• [TO DO]
Repeat exactly, and only, the lines of the entries below from the one with "Figura 2. Curva" through the one with "Teclado matricial 4x3 de 12 teclas", both ends included.

BEGIN EXTRACTED DATA

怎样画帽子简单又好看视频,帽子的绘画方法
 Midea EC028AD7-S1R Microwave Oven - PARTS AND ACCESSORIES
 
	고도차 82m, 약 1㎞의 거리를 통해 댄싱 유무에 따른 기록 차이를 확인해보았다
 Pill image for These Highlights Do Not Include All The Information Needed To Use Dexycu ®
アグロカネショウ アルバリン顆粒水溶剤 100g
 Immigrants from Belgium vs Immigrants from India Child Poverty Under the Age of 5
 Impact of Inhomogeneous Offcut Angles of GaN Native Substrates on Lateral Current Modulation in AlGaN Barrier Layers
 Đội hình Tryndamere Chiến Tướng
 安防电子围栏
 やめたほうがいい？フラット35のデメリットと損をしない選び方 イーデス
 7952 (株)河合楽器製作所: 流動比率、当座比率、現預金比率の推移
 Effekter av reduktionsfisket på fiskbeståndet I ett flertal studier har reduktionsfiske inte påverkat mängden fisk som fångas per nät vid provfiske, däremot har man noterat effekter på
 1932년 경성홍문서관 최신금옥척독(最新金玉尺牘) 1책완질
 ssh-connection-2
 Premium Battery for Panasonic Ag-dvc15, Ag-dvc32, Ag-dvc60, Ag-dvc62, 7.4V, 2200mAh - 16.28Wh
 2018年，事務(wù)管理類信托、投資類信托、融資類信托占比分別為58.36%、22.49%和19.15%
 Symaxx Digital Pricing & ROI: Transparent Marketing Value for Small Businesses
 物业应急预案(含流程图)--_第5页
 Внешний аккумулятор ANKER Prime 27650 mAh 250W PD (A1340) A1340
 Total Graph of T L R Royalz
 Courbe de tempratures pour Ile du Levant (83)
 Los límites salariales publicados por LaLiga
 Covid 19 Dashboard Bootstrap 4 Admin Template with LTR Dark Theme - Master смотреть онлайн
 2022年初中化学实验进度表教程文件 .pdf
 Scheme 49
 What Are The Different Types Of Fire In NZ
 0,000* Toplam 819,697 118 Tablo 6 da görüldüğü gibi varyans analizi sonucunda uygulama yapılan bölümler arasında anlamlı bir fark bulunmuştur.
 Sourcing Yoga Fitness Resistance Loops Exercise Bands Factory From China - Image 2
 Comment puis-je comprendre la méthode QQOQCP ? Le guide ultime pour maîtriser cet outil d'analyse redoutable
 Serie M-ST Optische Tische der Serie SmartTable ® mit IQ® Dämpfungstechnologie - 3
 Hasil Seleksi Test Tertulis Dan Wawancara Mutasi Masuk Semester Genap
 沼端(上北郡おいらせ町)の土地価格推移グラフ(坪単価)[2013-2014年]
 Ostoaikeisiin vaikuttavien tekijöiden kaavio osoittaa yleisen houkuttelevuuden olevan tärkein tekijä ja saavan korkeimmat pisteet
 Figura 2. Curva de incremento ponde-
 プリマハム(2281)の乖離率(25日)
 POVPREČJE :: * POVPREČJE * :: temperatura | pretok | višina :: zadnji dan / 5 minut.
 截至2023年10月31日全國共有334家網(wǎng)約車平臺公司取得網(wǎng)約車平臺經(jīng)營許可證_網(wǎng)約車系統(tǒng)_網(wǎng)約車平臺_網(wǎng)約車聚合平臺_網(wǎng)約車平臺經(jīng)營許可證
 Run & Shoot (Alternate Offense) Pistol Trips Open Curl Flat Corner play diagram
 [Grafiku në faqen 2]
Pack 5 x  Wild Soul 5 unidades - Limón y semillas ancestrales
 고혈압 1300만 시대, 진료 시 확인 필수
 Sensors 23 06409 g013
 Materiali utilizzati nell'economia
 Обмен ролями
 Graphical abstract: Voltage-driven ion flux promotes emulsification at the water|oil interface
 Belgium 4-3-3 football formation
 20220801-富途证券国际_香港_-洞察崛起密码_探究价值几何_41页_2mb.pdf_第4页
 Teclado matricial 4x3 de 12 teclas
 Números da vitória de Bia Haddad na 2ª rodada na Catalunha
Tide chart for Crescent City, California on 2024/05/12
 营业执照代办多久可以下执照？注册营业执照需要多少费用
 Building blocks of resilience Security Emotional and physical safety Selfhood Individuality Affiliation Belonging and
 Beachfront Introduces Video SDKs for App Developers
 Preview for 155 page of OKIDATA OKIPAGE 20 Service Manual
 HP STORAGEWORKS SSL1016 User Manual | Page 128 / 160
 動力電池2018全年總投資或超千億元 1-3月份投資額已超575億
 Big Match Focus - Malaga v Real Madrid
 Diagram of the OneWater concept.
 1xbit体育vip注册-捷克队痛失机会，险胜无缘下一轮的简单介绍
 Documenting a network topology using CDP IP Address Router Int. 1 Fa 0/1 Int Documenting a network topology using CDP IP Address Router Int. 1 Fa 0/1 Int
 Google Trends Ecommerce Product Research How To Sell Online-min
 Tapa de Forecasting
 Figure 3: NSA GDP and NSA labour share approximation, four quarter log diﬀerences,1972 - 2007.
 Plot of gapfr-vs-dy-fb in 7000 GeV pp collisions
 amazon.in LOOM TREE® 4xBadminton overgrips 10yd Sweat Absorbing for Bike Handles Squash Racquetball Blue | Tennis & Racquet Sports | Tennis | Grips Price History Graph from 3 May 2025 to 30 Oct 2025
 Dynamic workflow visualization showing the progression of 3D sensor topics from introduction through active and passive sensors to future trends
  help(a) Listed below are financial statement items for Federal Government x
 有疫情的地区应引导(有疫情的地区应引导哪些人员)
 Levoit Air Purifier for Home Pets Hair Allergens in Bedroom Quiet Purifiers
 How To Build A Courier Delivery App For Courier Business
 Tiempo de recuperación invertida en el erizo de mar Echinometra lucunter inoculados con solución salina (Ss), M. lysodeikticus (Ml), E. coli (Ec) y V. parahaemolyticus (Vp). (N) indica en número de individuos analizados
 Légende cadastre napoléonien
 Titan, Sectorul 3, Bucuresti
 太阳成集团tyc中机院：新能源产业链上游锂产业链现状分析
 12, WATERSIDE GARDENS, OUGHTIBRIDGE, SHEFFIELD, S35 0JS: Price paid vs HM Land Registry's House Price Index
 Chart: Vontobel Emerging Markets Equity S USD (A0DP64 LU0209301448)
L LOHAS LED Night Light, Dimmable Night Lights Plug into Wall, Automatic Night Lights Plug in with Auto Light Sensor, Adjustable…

END EXTRACTED DATA

• [REPLY TO THE EXERCISE]
 Figura 2. Curva de incremento ponde-
 プリマハム(2281)の乖離率(25日)
 POVPREČJE :: * POVPREČJE * :: temperatura | pretok | višina :: zadnji dan / 5 minut.
 截至2023年10月31日全國共有334家網(wǎng)約車平臺公司取得網(wǎng)約車平臺經(jīng)營許可證_網(wǎng)約車系統(tǒng)_網(wǎng)約車平臺_網(wǎng)約車聚合平臺_網(wǎng)約車平臺經(jīng)營許可證
 Run & Shoot (Alternate Offense) Pistol Trips Open Curl Flat Corner play diagram
 [Grafiku në faqen 2]
Pack 5 x  Wild Soul 5 unidades - Limón y semillas ancestrales
 고혈압 1300만 시대, 진료 시 확인 필수
 Sensors 23 06409 g013
 Materiali utilizzati nell'economia
 Обмен ролями
 Graphical abstract: Voltage-driven ion flux promotes emulsification at the water|oil interface
 Belgium 4-3-3 football formation
 20220801-富途证券国际_香港_-洞察崛起密码_探究价值几何_41页_2mb.pdf_第4页
 Teclado matricial 4x3 de 12 teclas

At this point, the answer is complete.